(C) 2025 Alex Diaz-Granados

Hope in the Inbox: A Narrator’s Chain of Joy

This morning, I woke up to a chain of messages from Brandon Padilla, the narrator of Reunion: A Story. He’d just recorded another 25 minutes, declared Chapter 5 his favorite, and shared plans to feature the audiobook as his debut listing on his website. He even asked what made his audition stand out.

The answer is simple: he did. Not just with his voice, but with his presence. While one other narrator gave a technically excellent reading (and was cast for Comings and Goings), Brandon sent a note that expressed interest with enthusiasm. That kind of emotional investment is rare—and essential for a story like Reunion, which is built on memory, quiet rituals, and the longing to be seen.

Marty
Marty

His favorite chapter, “The Dream,” is one of the novella’s emotional anchors. It begins with Jimmy falling asleep in the school library and drifting into a dream where memory and longing blur into something tender and surreal. He finds himself back in his old English classroom, reading Macbeth, when Martina Reynaud—the most beautiful girl in the Class of ’83—walks in. What follows is a slow dance of vulnerability, set to the imagined strains of a 1940s ballroom band.

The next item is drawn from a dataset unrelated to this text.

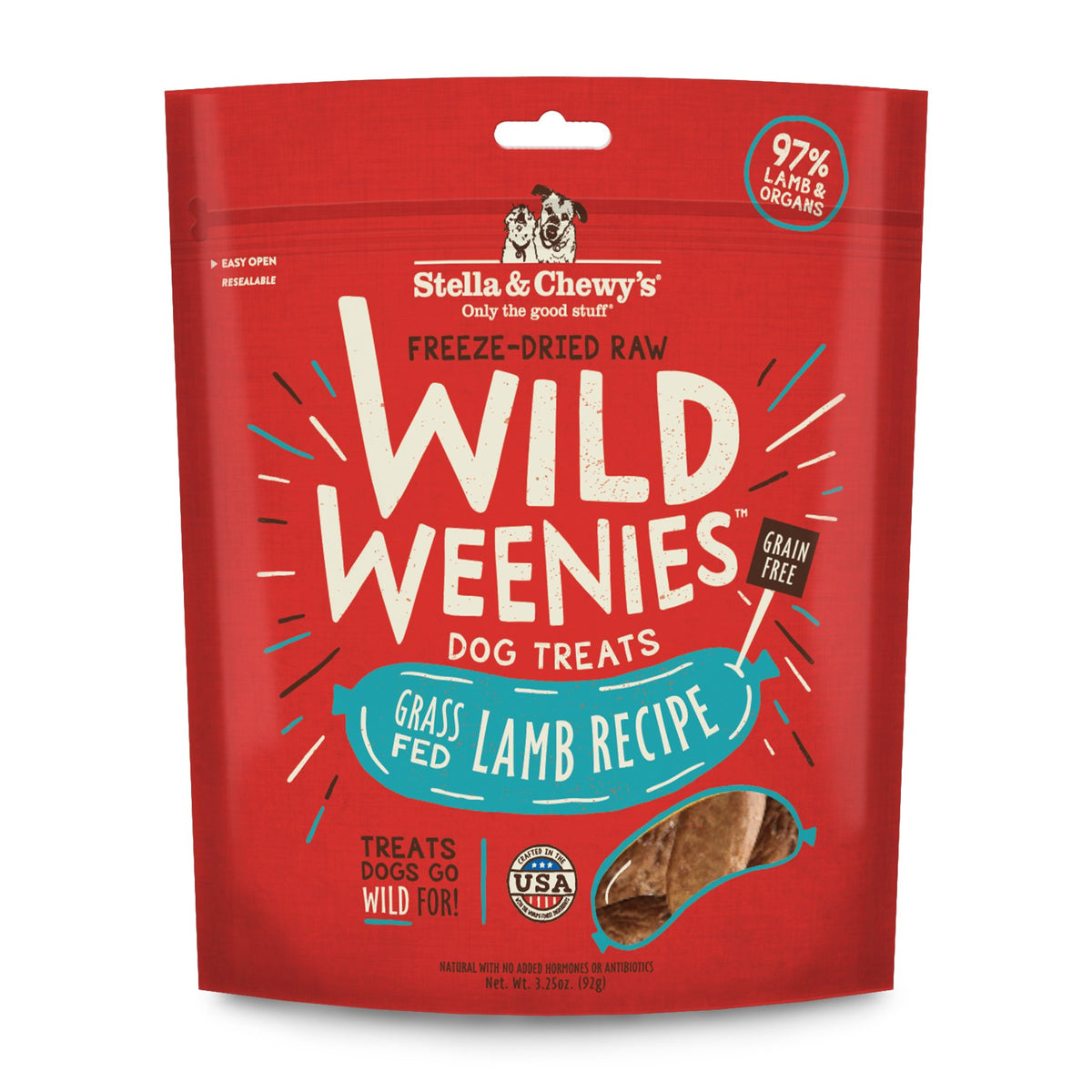 Stella & Chewy's Wild Weenies en bolsa, perfecto para entrenamiento diario.
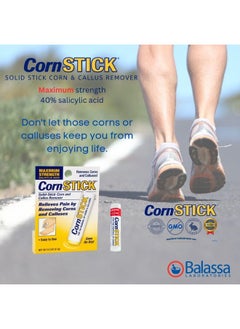 CornStick Maximum Strength Salicylic Acid Solid-Stick Corn and Callus Remover 0.2 Oz  - Image 2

The chapter includes a whispered invitation: “Don’t say a word. Let’s just dance, okay?” That line, written in October 1998 while Nat King Cole’s “Mona Lisa” played on the radio, still carries the emotional cadence of that moment. It’s a line about presence, not performance. About communion, not climax.

Brandon’s enthusiasm gives me hope. Not just that the audiobook will resonate, but that the novella itself carries the emotional weight it was meant to. His messages are a mirror, reflecting the story’s heart back to me. And maybe, to you.